Could there be some other reasonable explanation for the manner in which Hindi cinema – popular or art-house – sparingly acknowledged Emergency? Perhaps it could have to do with the lack of reference-based filmmaking that contemporary Bollywood can’t function without. Post-independence filmmakers and screenwriters grew up on literature more than films and the result was a generation that saw stalwarts such as Rajinder Singh Bedi, Bimal Roy, Raj Kapoor, Vijay Anand, Raj Khosla, Sahir Ludhianvi, Majrooh Sultanpuri, Kaifi Azmi, BR Chopra and Dev Anand who weren’t limited to cinema for stimulus. The next wave which saw Salim Khan, Javed Akhtar, Yash Chopra, Manoj Kumar, Prakash Mehra, Manmohan Desai and others were the first generation that grew up on films as well as literature and therefore their cinema had that influence. Most people under the age of 30 have very little idea about what the Emergency truly entailed and for the younger lot of filmmakers there is no reference to follow.

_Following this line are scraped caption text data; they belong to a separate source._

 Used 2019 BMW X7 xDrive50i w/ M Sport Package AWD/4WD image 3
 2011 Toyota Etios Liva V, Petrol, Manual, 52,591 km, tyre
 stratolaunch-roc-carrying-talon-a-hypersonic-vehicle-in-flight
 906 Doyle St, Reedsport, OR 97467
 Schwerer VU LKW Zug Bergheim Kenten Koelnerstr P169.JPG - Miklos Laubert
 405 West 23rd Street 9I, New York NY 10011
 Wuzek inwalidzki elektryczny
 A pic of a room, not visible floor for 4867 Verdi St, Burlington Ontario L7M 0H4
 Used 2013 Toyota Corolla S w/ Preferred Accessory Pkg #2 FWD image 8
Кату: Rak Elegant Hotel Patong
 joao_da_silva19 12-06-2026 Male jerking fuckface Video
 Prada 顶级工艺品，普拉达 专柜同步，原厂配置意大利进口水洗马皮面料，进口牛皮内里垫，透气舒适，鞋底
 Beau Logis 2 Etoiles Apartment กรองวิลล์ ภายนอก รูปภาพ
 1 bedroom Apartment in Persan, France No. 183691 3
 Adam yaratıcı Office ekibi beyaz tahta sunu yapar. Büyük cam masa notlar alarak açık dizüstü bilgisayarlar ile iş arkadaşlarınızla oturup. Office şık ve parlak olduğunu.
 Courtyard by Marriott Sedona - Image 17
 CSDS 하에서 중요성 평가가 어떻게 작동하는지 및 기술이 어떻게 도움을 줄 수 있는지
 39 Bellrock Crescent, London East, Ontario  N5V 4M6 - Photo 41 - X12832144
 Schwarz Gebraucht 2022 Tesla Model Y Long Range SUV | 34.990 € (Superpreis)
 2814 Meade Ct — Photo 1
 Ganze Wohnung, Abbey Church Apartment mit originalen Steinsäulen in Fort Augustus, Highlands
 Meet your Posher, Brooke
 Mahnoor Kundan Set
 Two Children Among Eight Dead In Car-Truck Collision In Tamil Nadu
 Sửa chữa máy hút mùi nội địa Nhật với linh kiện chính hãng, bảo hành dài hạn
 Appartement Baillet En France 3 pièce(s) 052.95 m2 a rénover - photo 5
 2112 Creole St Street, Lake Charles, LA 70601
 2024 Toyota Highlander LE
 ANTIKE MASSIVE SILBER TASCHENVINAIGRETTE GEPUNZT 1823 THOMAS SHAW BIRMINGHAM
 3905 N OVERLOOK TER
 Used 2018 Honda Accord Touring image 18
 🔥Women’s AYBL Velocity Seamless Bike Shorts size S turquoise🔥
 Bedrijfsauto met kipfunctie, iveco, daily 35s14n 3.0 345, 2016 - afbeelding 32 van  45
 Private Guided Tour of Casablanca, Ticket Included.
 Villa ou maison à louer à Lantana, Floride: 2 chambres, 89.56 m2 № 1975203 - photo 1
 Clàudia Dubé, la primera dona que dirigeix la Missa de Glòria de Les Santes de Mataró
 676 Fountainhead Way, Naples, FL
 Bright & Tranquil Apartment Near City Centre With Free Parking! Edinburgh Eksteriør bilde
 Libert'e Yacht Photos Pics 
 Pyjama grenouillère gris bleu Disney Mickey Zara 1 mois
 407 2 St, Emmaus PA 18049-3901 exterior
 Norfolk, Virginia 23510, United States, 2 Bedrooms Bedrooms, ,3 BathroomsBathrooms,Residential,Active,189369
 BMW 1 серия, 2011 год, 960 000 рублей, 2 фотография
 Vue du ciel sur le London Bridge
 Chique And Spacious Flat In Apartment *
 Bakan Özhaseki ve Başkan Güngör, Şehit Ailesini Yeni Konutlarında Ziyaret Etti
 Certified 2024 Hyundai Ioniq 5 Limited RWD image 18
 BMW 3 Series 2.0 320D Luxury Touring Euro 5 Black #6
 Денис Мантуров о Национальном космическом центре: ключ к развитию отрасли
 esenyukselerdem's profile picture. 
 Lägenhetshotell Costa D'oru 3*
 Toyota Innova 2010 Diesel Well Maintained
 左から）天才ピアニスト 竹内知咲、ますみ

For any medium that celebrates popular culture, especially cinema, to be a chronicle of history, there has to be a constant discussion about events and while Bollywood could be blamed for ignoring Emergency as a subject, other formats such as writing (fiction and non-fiction) and even journalism, too, seem to have forgotten the dark days.
|A poster of Hazaaron Khwaishein Aisi (2005).|
Some of the most prolific present-day filmmakers and screenwriters grew up on a certain kind of cinema and therefore it’s Yash Chopra, Manmohan Desai or Mahesh Bhatt that the likes of Karan Johars, Rohit Shettys and Farah Khans or Mohit Suris cannot look beyond.
So, in essence, one can’t really blame existing filmmakers for not making films on something as important as the Emergency when they wouldn’t know the history even if it were to hit them in their face. Having bred on a popular culture that rarely acknowledges history as it was made, Bollywood would only be interested in something when it’s real such as Kissa Kursi Ka, larger-than-life personality-based like Aandhi or extremely personal like Mishra’s Hazaaron Khwaishein Aisi and you see, unfortunately for Emergency, all three have been addressed.